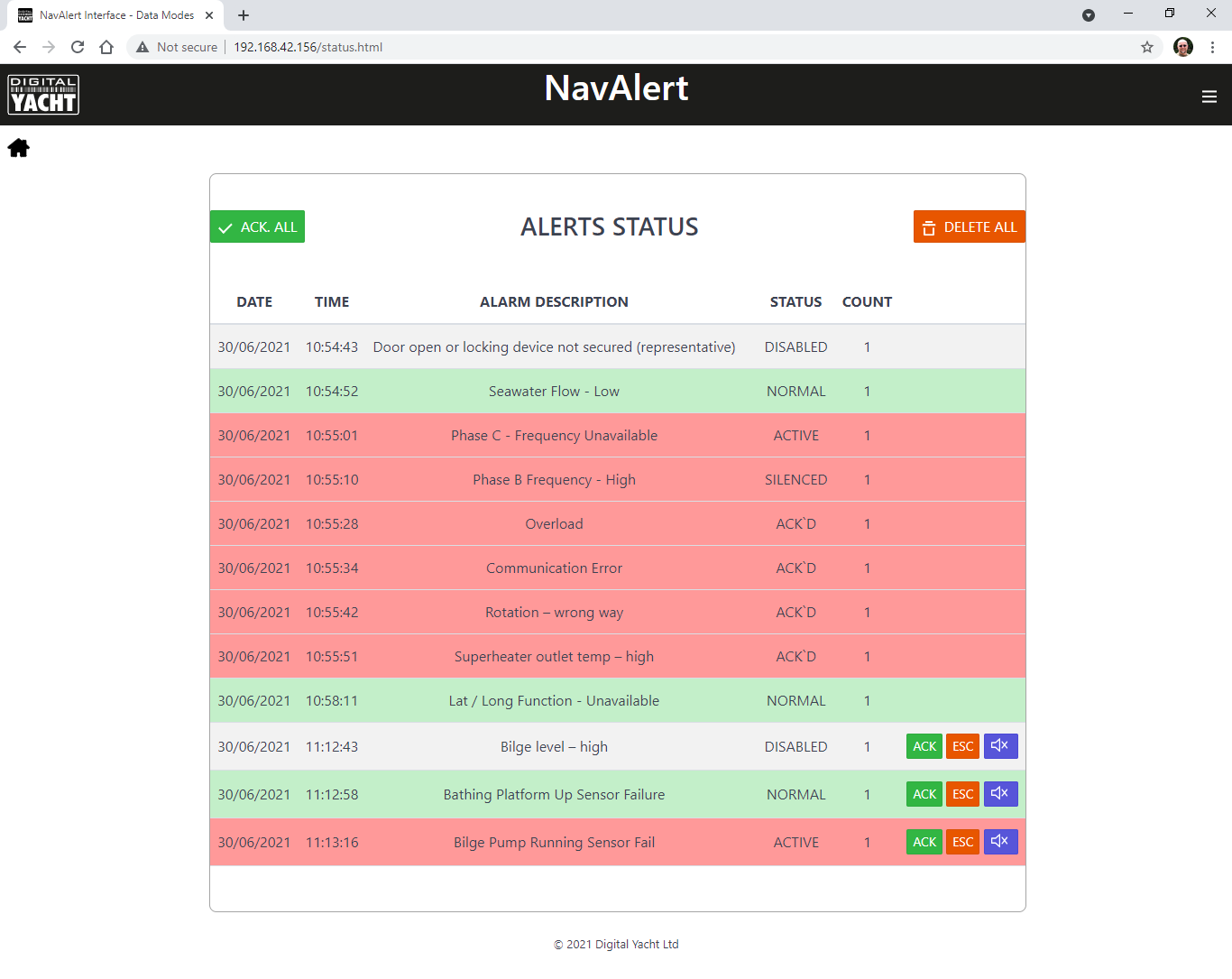 alarmes configurables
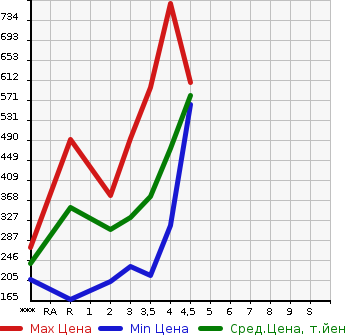 Аукционная статистика: График изменения цены HONDA Хонда  FIT Фит  2015 1500 GP5 HYBRID L PACKAGE в зависимости от аукционных оценок
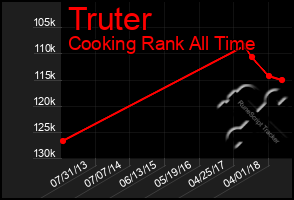 Total Graph of Truter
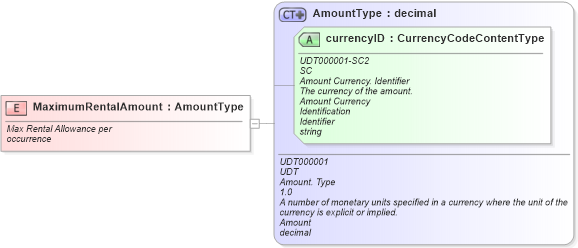 XSD Diagram of MaximumRentalAmount in schema fields_xsd (Standards for Technology in Automotive Retail)
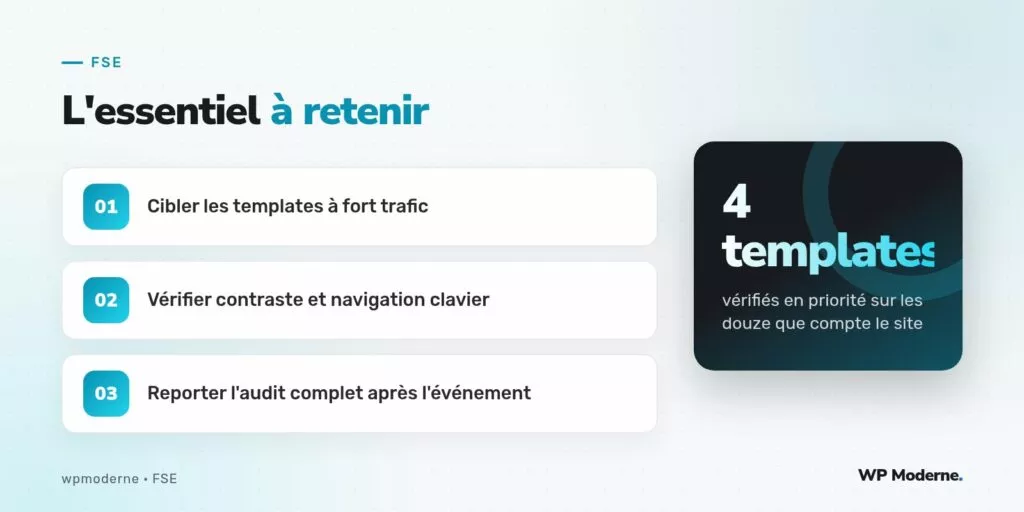 L'essentiel à retenir : Cibler les templates à fort trafic ; Vérifier contraste et navigation clavier ; Reporter l'audit complet après l'événement
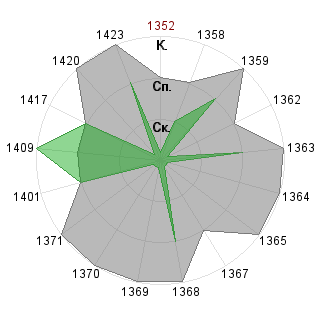 Дмитрий Севостьянов (demetrius): Соответствие профессии «Гейм-коуч»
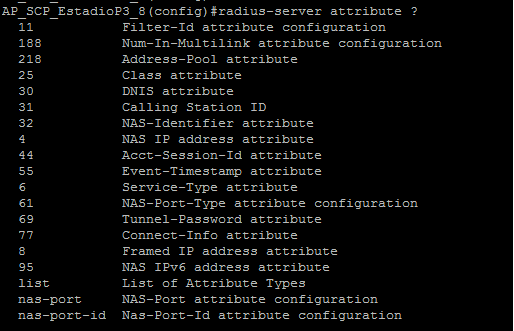 AP ATTRIBUTE LIST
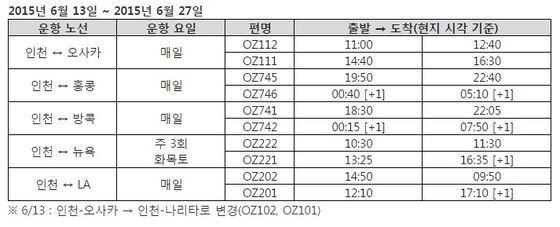 본문 이미지 - 아시아나항공 A380 운항노선(아시아나항공 제공)ⓒ News1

_Instructions for the task_
Leaving aside every picture, transcribe exactly the lines that run from the one with "Дмитрий Севостьянов (demetrius): Соответствие" to the close of the listing above.

_Reply_
 Дмитрий Севостьянов (demetrius): Соответствие профессии «Гейм-коуч»
 AP ATTRIBUTE LIST
 본문 이미지 - 아시아나항공 A380 운항노선(아시아나항공 제공)ⓒ News1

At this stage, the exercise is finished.